→ Work item: Please give back the listing below word for word and drop any images.

→ Collected data:
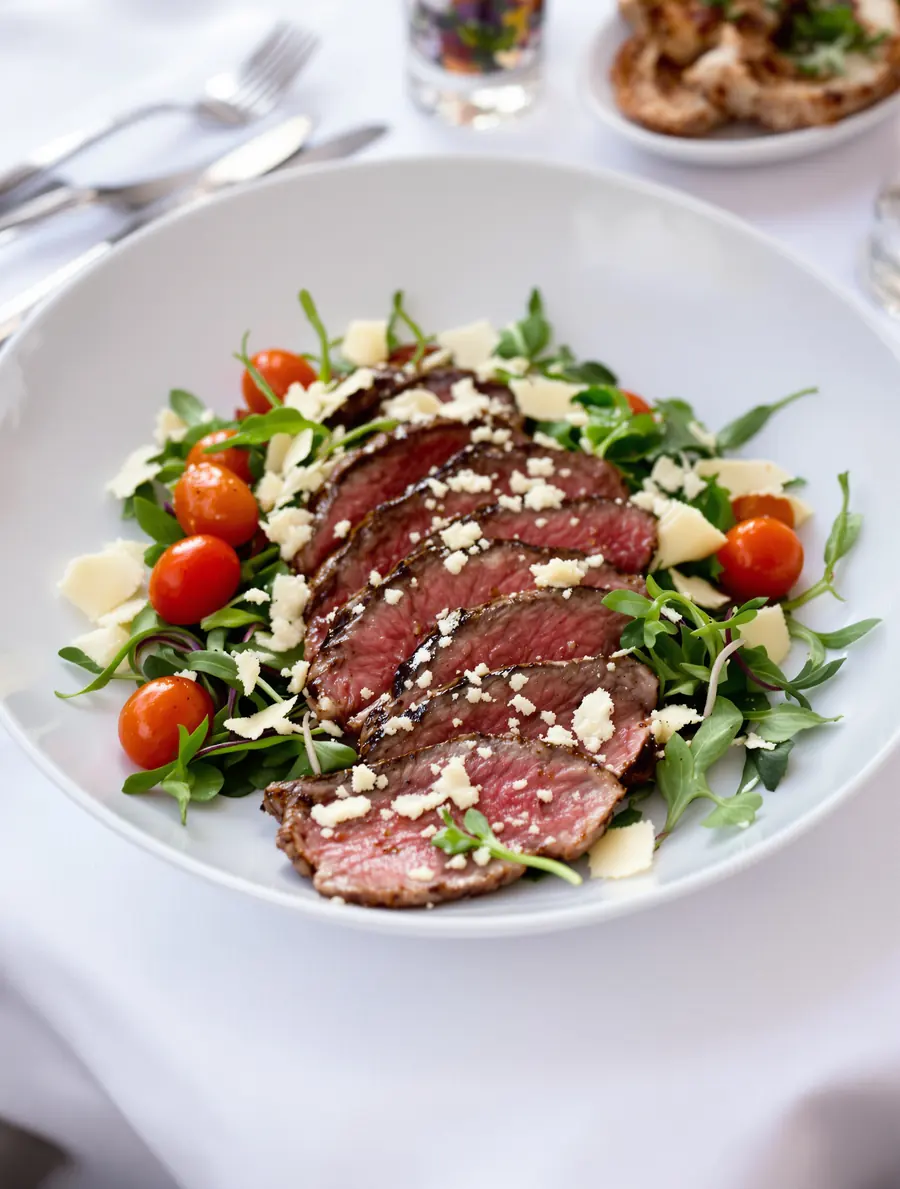Tagliata vom Rind auf Rucola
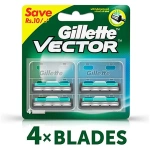 GILLETTE VECTOR+ BLADE 4N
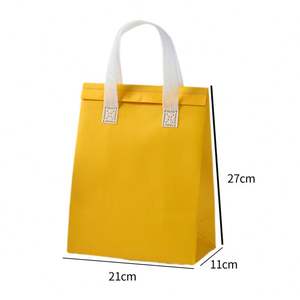 Bolsa de Refrigerador Desechable de Aluminio y Tela No Tejida con Logotipo Personalizado Mediano, para Bebidas Frías y Calientes, Distribución de Alimentos, Aislamiento, Comida para Llevar - Product Image 4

→ Output of the exercise:
Tagliata vom Rind auf Rucola
 GILLETTE VECTOR+ BLADE 4N
 Bolsa de Refrigerador Desechable de Aluminio y Tela No Tejida con Logotipo Personalizado Mediano, para Bebidas Frías y Calientes, Distribución de Alimentos, Aislamiento, Comida para Llevar - Product Image 4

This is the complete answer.